** Opening Material for the task block **

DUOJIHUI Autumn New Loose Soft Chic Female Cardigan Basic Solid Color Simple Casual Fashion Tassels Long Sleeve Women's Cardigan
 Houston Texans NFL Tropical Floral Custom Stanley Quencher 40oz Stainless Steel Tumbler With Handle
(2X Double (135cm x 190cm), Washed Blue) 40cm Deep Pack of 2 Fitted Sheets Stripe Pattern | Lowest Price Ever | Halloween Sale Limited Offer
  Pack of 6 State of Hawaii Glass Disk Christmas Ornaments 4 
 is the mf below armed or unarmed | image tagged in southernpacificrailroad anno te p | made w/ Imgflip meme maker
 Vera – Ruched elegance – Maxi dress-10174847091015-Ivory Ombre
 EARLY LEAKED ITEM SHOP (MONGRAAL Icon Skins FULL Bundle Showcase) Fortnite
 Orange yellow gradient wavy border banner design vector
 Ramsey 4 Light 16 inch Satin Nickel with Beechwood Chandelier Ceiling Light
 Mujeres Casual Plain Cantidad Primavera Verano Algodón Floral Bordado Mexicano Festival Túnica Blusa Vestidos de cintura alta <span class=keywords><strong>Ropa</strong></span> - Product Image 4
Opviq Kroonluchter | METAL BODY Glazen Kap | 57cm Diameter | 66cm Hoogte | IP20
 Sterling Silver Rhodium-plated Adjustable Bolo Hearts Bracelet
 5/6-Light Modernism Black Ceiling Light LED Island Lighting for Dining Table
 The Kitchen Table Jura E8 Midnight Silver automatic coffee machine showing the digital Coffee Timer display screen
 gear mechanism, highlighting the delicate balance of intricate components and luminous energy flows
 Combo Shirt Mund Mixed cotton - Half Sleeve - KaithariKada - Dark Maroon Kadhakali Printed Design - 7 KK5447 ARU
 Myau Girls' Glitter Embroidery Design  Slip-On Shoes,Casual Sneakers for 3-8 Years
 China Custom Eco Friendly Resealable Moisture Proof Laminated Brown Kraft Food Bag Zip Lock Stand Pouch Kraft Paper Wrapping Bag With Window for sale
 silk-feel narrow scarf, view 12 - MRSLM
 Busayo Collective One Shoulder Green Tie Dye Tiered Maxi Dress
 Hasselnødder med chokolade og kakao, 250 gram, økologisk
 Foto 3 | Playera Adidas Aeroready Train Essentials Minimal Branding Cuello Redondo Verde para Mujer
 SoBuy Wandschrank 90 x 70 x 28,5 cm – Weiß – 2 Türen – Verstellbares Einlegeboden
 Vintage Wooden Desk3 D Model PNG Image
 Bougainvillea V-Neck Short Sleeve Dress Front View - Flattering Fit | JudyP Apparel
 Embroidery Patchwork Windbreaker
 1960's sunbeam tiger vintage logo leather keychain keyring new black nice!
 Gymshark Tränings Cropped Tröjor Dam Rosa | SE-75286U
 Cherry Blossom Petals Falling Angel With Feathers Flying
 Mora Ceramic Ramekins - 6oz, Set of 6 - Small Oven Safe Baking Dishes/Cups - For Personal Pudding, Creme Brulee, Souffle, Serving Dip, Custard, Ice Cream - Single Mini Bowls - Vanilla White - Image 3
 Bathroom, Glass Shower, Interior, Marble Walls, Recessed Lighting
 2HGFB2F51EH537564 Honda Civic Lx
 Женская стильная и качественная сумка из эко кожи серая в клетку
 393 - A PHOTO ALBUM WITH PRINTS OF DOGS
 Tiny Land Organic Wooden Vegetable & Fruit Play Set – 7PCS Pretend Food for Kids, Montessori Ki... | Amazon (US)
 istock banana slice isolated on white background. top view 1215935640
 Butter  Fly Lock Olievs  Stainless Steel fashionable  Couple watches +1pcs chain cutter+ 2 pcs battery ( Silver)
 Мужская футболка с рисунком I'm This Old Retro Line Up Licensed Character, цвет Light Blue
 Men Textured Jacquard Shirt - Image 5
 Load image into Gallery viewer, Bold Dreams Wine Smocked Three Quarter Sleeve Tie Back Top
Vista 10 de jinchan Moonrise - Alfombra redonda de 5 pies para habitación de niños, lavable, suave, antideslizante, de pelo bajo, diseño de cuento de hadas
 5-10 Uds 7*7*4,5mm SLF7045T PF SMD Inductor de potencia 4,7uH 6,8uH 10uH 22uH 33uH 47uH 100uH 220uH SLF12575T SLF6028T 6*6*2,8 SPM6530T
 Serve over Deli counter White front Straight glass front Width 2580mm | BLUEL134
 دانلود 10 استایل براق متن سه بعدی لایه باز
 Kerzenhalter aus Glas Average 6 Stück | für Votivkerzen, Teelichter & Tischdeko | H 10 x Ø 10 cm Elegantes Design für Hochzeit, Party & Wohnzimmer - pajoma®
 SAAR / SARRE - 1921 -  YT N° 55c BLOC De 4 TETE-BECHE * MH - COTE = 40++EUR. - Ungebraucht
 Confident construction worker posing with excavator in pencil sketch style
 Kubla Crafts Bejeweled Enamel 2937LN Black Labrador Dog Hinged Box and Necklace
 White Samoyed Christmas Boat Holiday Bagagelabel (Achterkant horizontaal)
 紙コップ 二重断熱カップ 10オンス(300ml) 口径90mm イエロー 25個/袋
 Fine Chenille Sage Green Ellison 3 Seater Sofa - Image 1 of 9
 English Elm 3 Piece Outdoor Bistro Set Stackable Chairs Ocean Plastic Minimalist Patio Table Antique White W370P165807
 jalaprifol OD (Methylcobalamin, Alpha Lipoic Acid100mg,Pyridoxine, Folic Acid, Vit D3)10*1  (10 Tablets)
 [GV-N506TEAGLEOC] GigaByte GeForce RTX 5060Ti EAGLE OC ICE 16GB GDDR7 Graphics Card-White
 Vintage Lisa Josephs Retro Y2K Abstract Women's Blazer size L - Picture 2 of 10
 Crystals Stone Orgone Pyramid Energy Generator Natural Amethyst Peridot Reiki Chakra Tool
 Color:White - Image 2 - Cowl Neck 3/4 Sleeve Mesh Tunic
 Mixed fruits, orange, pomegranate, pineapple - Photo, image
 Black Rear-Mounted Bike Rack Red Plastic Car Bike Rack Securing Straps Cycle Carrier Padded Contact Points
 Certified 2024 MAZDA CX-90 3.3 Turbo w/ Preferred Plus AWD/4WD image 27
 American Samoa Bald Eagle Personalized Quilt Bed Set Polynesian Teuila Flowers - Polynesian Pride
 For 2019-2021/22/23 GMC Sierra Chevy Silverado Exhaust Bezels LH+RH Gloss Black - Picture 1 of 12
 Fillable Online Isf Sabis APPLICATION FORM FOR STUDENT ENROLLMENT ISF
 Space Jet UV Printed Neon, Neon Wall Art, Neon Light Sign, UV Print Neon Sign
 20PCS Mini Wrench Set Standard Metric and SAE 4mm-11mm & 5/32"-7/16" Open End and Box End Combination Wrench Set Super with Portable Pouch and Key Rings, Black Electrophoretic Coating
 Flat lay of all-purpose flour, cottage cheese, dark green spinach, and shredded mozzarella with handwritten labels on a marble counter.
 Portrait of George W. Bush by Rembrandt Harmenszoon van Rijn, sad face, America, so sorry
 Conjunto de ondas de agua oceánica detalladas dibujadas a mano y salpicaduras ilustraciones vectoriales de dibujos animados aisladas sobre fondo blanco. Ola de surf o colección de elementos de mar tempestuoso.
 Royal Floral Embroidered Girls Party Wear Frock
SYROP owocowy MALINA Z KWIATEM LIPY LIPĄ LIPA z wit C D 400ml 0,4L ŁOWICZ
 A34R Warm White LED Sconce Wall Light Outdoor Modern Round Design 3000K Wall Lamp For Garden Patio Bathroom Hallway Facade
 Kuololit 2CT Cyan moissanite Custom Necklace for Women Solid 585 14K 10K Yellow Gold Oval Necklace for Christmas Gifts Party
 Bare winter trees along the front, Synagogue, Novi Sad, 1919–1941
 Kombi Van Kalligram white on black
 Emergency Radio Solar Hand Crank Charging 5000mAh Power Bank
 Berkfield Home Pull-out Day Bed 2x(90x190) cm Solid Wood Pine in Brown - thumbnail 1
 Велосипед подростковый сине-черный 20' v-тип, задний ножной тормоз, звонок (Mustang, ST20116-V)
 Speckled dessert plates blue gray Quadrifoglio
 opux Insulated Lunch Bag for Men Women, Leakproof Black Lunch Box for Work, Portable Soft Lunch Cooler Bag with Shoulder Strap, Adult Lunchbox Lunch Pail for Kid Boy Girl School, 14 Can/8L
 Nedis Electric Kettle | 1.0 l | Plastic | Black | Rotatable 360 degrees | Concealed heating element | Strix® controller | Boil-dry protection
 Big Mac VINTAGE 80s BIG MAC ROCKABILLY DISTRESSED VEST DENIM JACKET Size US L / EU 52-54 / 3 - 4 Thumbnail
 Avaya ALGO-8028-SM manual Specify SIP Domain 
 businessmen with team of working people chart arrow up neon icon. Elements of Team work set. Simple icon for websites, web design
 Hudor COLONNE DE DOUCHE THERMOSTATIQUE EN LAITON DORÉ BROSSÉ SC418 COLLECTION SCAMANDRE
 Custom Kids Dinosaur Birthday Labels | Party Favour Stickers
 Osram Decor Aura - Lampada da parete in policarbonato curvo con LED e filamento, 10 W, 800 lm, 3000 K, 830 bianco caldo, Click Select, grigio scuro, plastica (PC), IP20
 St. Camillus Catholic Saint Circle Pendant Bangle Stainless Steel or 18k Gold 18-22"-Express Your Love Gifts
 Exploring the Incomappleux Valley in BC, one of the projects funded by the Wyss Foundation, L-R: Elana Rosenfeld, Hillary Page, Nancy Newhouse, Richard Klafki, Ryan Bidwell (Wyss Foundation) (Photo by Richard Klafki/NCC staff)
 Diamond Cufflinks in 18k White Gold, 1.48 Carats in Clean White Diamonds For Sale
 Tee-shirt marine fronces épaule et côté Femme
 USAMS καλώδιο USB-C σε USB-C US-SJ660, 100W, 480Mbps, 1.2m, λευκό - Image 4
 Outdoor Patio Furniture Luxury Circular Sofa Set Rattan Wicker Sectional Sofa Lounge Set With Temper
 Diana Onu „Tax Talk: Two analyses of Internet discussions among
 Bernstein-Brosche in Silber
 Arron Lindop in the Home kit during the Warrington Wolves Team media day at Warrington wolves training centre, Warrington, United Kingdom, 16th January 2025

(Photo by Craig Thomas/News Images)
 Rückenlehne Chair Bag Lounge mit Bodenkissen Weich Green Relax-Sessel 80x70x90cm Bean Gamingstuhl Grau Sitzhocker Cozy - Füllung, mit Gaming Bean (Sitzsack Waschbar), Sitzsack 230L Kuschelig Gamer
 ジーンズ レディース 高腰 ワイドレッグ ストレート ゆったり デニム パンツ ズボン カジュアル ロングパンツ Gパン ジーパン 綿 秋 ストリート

** Closing Material for the task block **

» Work request
Checking each line above, count the ones that hold the word "Color" and state the total alone.

» Answer box
2